What needs to be done
Repeat, word for word and with nothing added, each line from the one containing "Gisela pede restituição" to the final line of the data, keeping both ends. Pictures are not part of the copy.

-*-*-

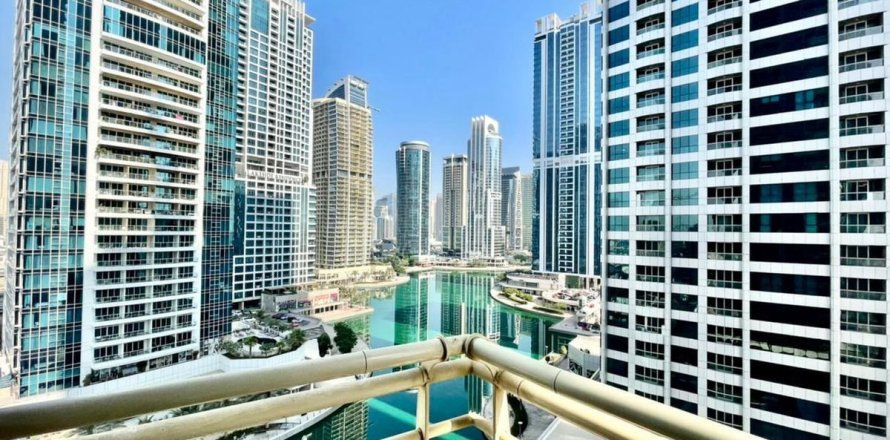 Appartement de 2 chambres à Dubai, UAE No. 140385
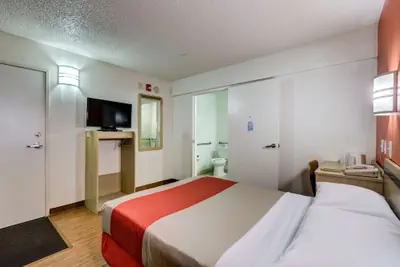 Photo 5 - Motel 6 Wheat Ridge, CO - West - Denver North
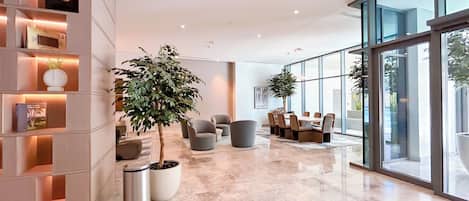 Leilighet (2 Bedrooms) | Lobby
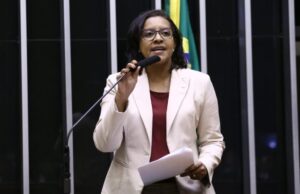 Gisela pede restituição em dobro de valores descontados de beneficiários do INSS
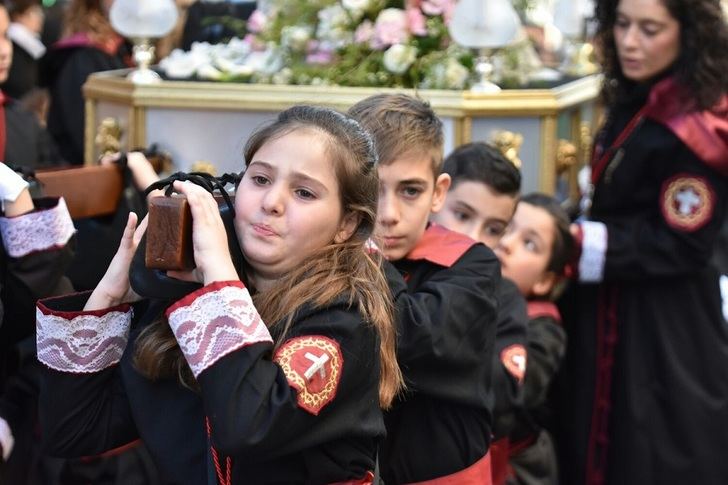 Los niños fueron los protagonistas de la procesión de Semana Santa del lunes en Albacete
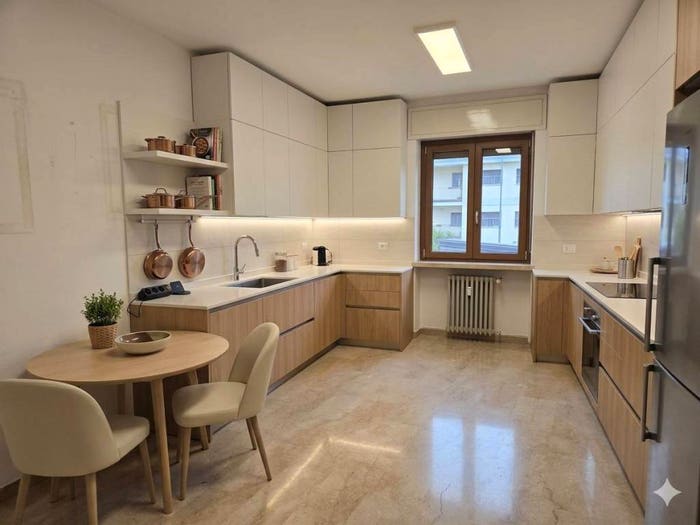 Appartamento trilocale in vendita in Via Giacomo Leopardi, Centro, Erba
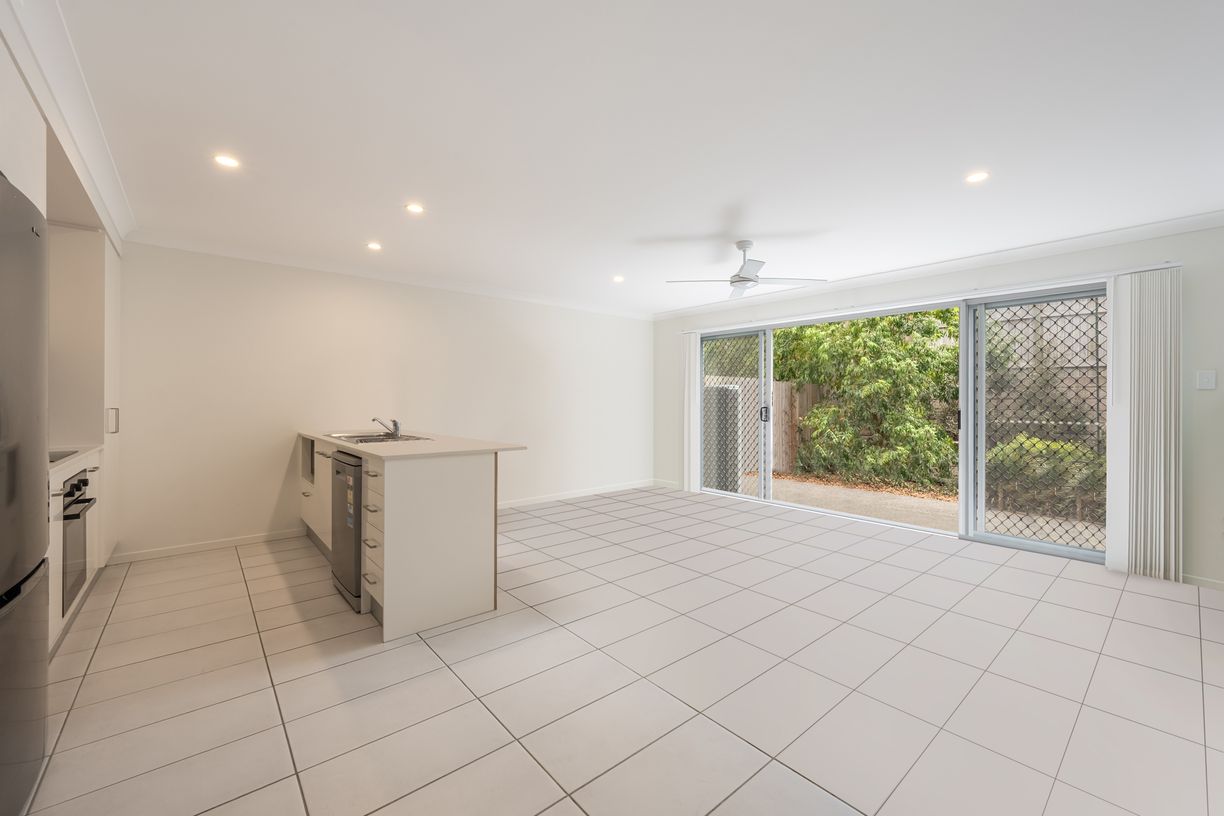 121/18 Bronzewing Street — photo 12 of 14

-*-*-

Answer space
 Gisela pede restituição em dobro de valores descontados de beneficiários do INSS
 Los niños fueron los protagonistas de la procesión de Semana Santa del lunes en Albacete
 Appartamento trilocale in vendita in Via Giacomo Leopardi, Centro, Erba
 121/18 Bronzewing Street — photo 12 of 14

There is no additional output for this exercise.